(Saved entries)
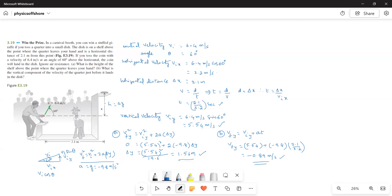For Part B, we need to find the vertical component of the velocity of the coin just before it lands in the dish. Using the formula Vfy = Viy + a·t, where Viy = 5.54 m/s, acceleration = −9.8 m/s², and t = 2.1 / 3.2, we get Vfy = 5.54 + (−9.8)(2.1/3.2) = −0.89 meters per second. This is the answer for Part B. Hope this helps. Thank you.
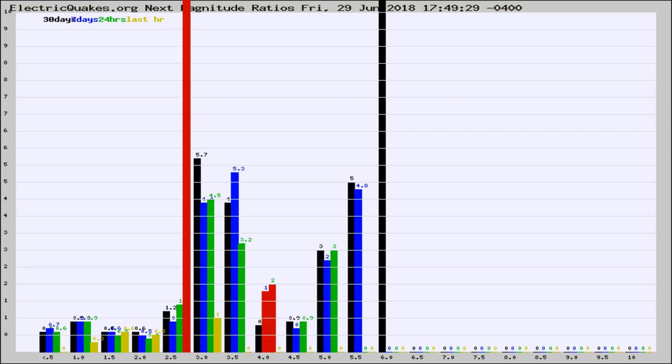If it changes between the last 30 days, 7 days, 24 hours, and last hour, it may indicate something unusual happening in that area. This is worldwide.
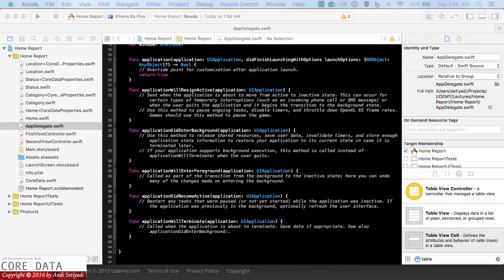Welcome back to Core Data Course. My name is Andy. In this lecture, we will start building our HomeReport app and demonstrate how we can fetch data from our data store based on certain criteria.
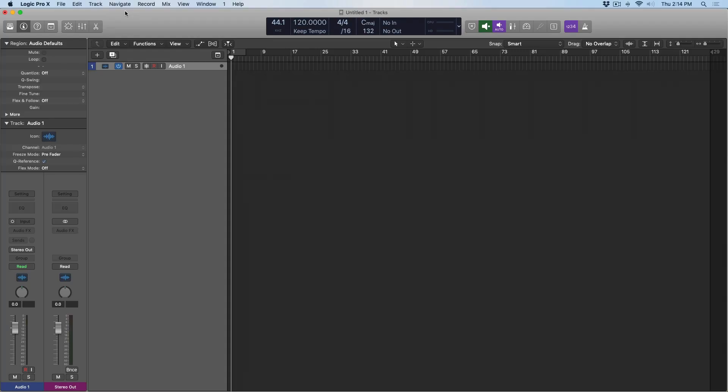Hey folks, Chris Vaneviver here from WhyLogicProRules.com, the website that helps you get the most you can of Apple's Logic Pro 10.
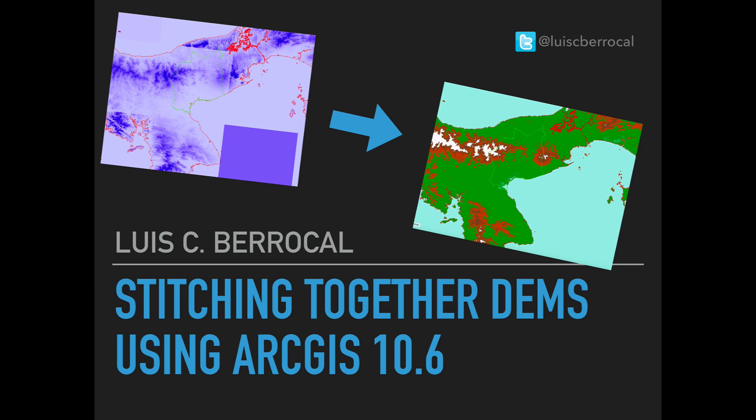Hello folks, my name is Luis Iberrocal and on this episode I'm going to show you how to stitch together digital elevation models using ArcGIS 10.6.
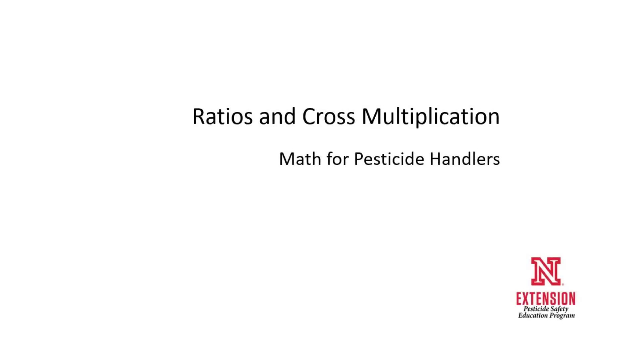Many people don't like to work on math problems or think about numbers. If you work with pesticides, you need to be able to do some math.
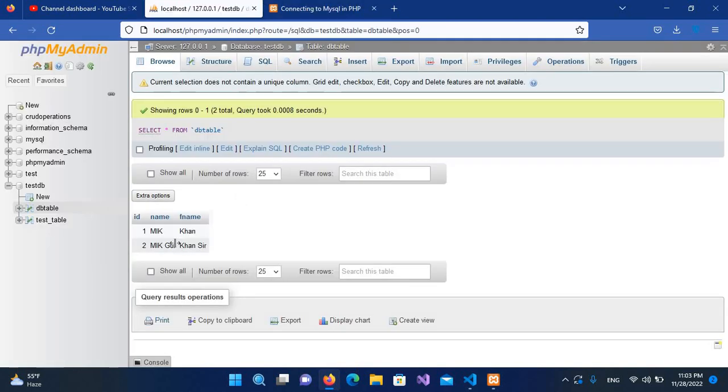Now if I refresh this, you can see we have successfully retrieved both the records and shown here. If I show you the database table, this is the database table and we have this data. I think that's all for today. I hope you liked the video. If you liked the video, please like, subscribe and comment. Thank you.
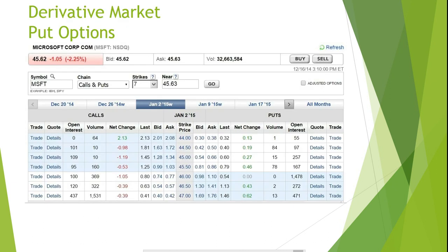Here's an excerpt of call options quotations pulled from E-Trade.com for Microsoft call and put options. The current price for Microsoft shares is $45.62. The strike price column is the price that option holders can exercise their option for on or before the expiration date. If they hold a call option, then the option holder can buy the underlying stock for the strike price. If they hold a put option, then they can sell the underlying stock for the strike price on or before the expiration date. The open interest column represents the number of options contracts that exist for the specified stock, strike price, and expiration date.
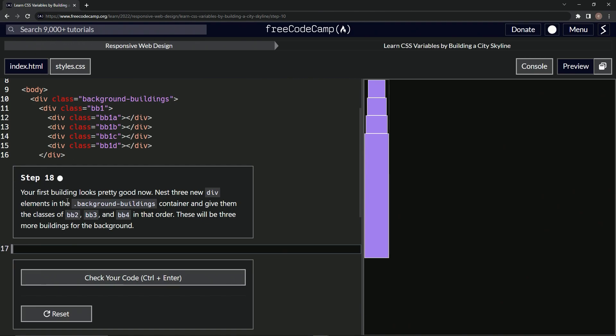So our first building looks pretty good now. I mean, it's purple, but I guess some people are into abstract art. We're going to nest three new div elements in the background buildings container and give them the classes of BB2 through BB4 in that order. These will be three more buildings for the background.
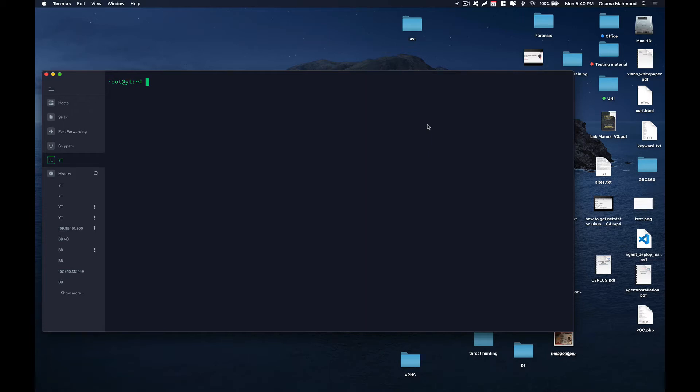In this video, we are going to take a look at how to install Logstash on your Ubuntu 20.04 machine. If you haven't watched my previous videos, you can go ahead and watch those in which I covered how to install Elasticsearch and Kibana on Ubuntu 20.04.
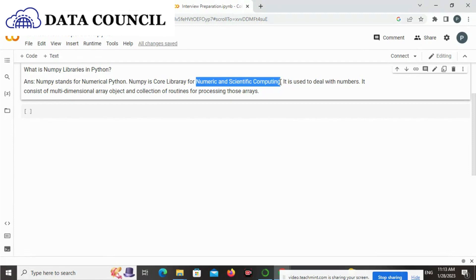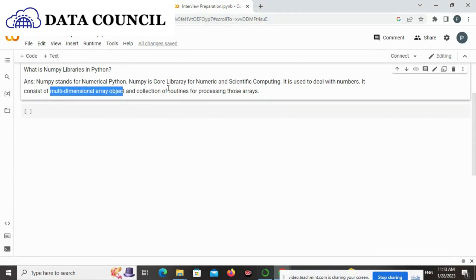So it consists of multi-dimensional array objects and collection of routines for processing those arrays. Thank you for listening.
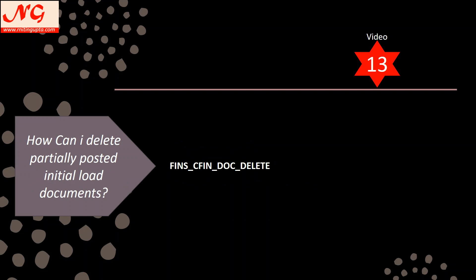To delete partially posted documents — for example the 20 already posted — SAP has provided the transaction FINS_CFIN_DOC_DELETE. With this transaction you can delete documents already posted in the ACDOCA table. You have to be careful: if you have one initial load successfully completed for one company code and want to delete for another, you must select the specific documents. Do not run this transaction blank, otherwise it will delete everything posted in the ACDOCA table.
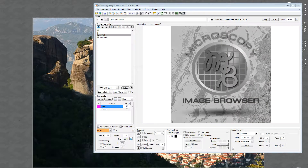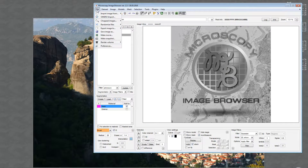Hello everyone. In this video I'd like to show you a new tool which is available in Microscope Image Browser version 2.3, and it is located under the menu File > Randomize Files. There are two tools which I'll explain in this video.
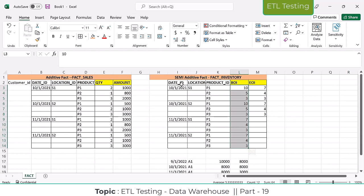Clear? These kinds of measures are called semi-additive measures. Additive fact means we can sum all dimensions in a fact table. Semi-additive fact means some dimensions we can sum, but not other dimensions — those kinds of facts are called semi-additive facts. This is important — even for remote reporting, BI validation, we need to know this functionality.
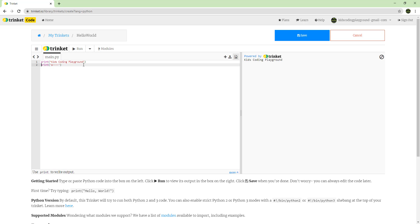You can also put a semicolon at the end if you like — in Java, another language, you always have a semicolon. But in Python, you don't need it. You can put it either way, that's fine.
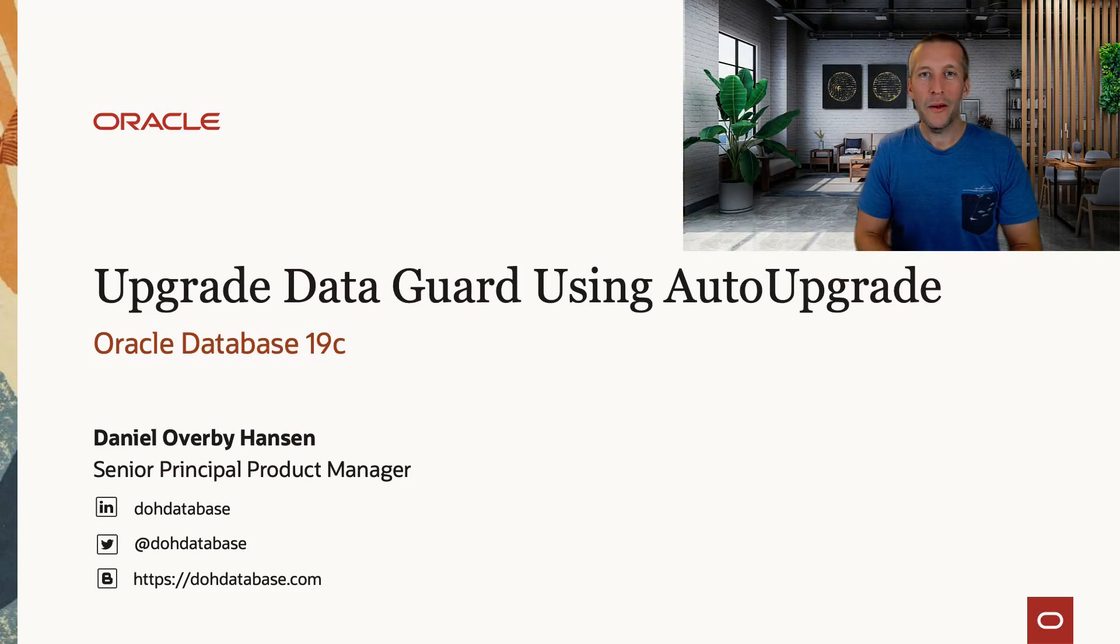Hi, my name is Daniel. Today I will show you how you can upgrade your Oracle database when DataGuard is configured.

Problem: Quote the records in full and exactly; skip any image.

Problem solution:
For Part B, we need to find the vertical component of the velocity of the coin just before it lands in the dish. Using the formula Vfy = Viy + a·t, where Viy = 5.54 m/s, acceleration = −9.8 m/s², and t = 2.1 / 3.2, we get Vfy = 5.54 + (−9.8)(2.1/3.2) = −0.89 meters per second. This is the answer for Part B. Hope this helps. Thank you.
If it changes between the last 30 days, 7 days, 24 hours, and last hour, it may indicate something unusual happening in that area. This is worldwide.
Welcome back to Core Data Course. My name is Andy. In this lecture, we will start building our HomeReport app and demonstrate how we can fetch data from our data store based on certain criteria.
Hey folks, Chris Vaneviver here from WhyLogicProRules.com, the website that helps you get the most you can of Apple's Logic Pro 10.
Hello folks, my name is Luis Iberrocal and on this episode I'm going to show you how to stitch together digital elevation models using ArcGIS 10.6.
Many people don't like to work on math problems or think about numbers. If you work with pesticides, you need to be able to do some math.
Now if I refresh this, you can see we have successfully retrieved both the records and shown here. If I show you the database table, this is the database table and we have this data. I think that's all for today. I hope you liked the video. If you liked the video, please like, subscribe and comment. Thank you.
Here's an excerpt of call options quotations pulled from E-Trade.com for Microsoft call and put options. The current price for Microsoft shares is $45.62. The strike price column is the price that option holders can exercise their option for on or before the expiration date. If they hold a call option, then the option holder can buy the underlying stock for the strike price. If they hold a put option, then they can sell the underlying stock for the strike price on or before the expiration date. The open interest column represents the number of options contracts that exist for the specified stock, strike price, and expiration date.
So our first building looks pretty good now. I mean, it's purple, but I guess some people are into abstract art. We're going to nest three new div elements in the background buildings container and give them the classes of BB2 through BB4 in that order. These will be three more buildings for the background.
In this video, we are going to take a look at how to install Logstash on your Ubuntu 20.04 machine. If you haven't watched my previous videos, you can go ahead and watch those in which I covered how to install Elasticsearch and Kibana on Ubuntu 20.04.
So it consists of multi-dimensional array objects and collection of routines for processing those arrays. Thank you for listening.
To delete partially posted documents — for example the 20 already posted — SAP has provided the transaction FINS_CFIN_DOC_DELETE. With this transaction you can delete documents already posted in the ACDOCA table. You have to be careful: if you have one initial load successfully completed for one company code and want to delete for another, you must select the specific documents. Do not run this transaction blank, otherwise it will delete everything posted in the ACDOCA table.
Hello everyone. In this video I'd like to show you a new tool which is available in Microscope Image Browser version 2.3, and it is located under the menu File > Randomize Files. There are two tools which I'll explain in this video.
Clear? These kinds of measures are called semi-additive measures. Additive fact means we can sum all dimensions in a fact table. Semi-additive fact means some dimensions we can sum, but not other dimensions — those kinds of facts are called semi-additive facts. This is important — even for remote reporting, BI validation, we need to know this functionality.
You can also put a semicolon at the end if you like — in Java, another language, you always have a semicolon. But in Python, you don't need it. You can put it either way, that's fine.
Hi, my name is Daniel. Today I will show you how you can upgrade your Oracle database when DataGuard is configured.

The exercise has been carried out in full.